Dans notre conception de l’EPS, l’élève passe du rôle d’acteur au rôle d’auteur-compositeur-interprète en s’imprégnant des APSA comme matière. Il nous parait alors indispensable que l’élève puisse accéder au pouvoir du langage et de la pensée afin d’assumer davantage son corps en action comme outil et moyen d’émancipation.

L’EPS de demain, ne peut se limiter à former un joueur de badminton, un grimpeur, un danseur etc… Il s’agit bien de penser l’élève comme un citoyen ayant besoin d’acquérir et d’exprimer des savoirs et savoirs faire lui permettant d’agir pour développer, enrichir et orienter ses capacités motrices ou celles des autres.

Le fait même d’être assisté, trop guidé, parfois dominé faute d’avoir les moyens corporels et moraux de répondre, altère la construction de soi, marquant l’ensemble des rapports avec autrui. Cette problématique est un frein pour tendre vers notre finalité : « former un citoyen épanoui, cultivé, capable de faire des choix éclairés »[[BO spécial n°1 du 22 janvier 2019]] Ainsi, pour que l’EPS d’aujourd’hui et de demain puisse relever de tels défis éducatifs, alors, elle se doit d’inclure dans son champ d’action la capacité de penser et de discuter.
L’EPS de demain, ne peut se limiter à former un joueur de badminton, un grimpeur, un danseur etc… Il s’agit bien de penser l’élève comme un citoyen ayant besoin d’acquérir et d’exprimer des savoirs et savoirs faire lui permettant d’agir pour développer, enrichir et orienter ses capacités motrices ou celles des autres.

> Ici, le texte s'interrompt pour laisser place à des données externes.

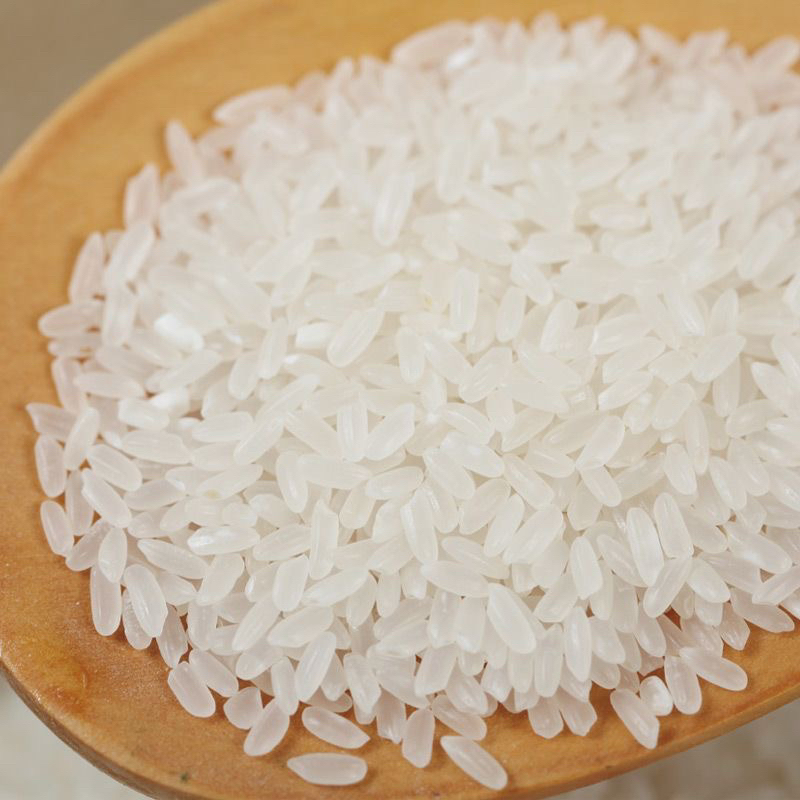 碎大米 宠物主食 经济实惠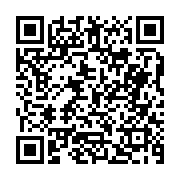 보도자료 페이지 바로가기 주소(https://business.jangseong.go.kr/q/ezIyN3w2OTQzOXxzaG93fHBhZ2U9Nzh9&e=M&s=3), QRCODE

L’EPS d’aujourd’hui à demain c’est :

  • Partager, discuter, échanger, observer à chaque leçon d’EPS le sens commun d’un vocabulaire spécifique propre aux APSA et un CA, appartenant donc à la culture de la discipline, parallèlement (re)connu ou non au sein de la société.
  • Elaborer une organisation matérielle et pédagogique réfléchie permettant à chaque élève d’écrire, voir, entendre le vocabulaire spécifique. Que chaque élève vive corporellement et manipule ce vocabulaire spécifique. Enfin, que chaque élève puisse s’exprimer pour débattre de choix conduisant à l’émancipation de soi et/ou du groupe.

Pour reprendre les termes de N. Térré, « ces petites contributions » répétées à chaque leçon de la maternelle au lycée, nous semblent être un petit pas pour l’enseignant mais un grand pas pour l’Homme.
Combien d’élèves disent faire du « babynton » ? Combien ne peuvent pas accéder à un plus haut niveau de compétence car le vocabulaire pour s’exprimer et faire des choix en vue des AFC et AFL n’est pas maitrisé ? Selon Michel Foucault [[FOUCAULT M., « Le discours ne doit pas être pris comme…», Dits et écrits 1954-1988. Tome III, Paris, Éditions Gallimard, p. 123-124. Et FOUCAULT M., L’ ordre du discours, Paris, Éditions Gallimard, 1970]], « Le discours, les mots et les idées ne sont pas seulement une surface d’inscription pour le rapport de force, mais ce sont eux-mêmes des forces, ce sont des opérateurs (…) ».
Comment mieux faire vivre son corps sans mot pour le comprendre et le décrire ? Comment penser sa motricité sans pouvoir y mettre des mots ? Ainsi, plus que toutes autres disciplines, l’EPS, de la maternelle au lycée, ne peut se passer de faire vivre en acte la maitrise de la langue, la compréhension des représentations du monde et chaque domaine du socle commun. C’est bien par le jeu du corps, le ressenti, l’observation, et en exploitant par des mots les émotions vécues que nous pouvons faire prendre conscience à nos élèves de leur capacité intellectuelle, physique et sociale.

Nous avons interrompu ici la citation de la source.